TASK DESCRIPTION:
The material below has pictures in it. Set down only the lines from the line containing "Any changes to" through the line containing "From the top", word for word, and leave the pictures behind.

RECORD SET:
=== Begin Enclosure ===

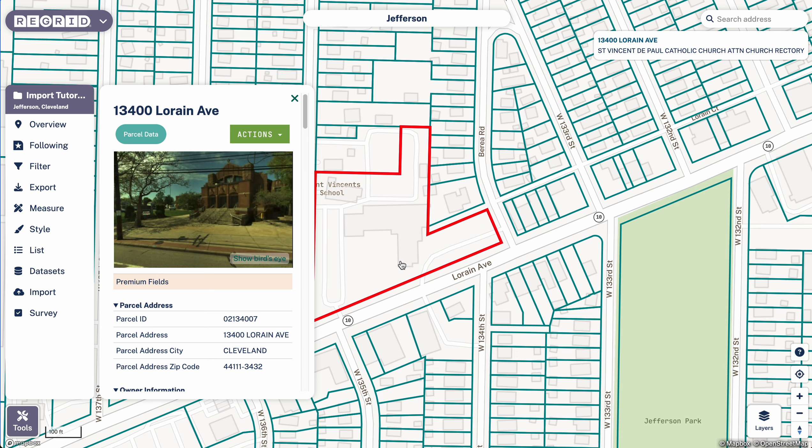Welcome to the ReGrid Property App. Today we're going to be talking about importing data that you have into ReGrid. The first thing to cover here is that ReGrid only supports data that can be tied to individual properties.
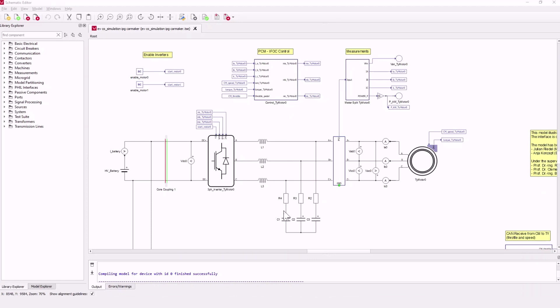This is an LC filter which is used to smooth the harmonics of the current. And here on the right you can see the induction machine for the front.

=== End Enclosure ===
=== Begin Enclosure ===

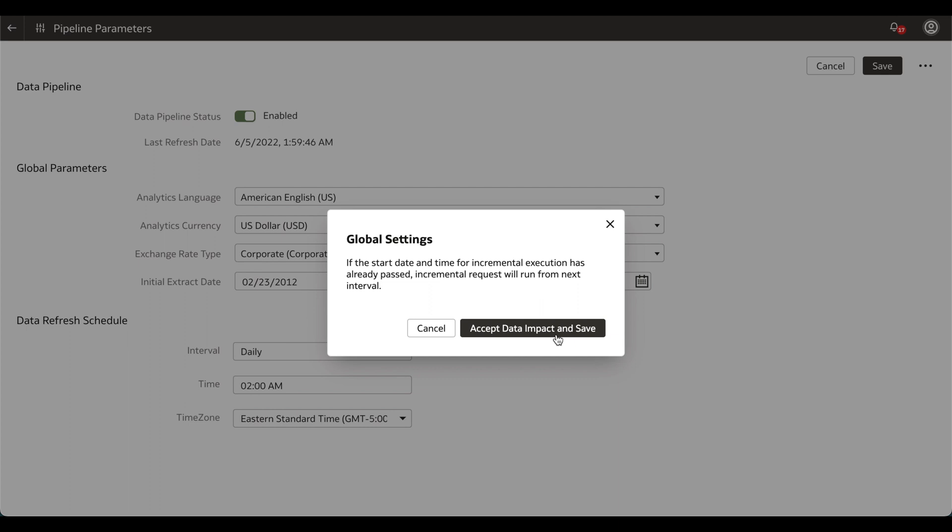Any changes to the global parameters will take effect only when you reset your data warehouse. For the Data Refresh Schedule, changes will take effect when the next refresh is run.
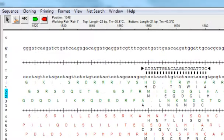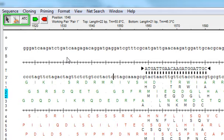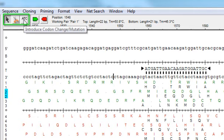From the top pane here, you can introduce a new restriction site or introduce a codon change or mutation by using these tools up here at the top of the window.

=== End Enclosure ===

RESPONSE TO THIS EXERCISE:
Any changes to the global parameters will take effect only when you reset your data warehouse. For the Data Refresh Schedule, changes will take effect when the next refresh is run.
From the top pane here, you can introduce a new restriction site or introduce a codon change or mutation by using these tools up here at the top of the window.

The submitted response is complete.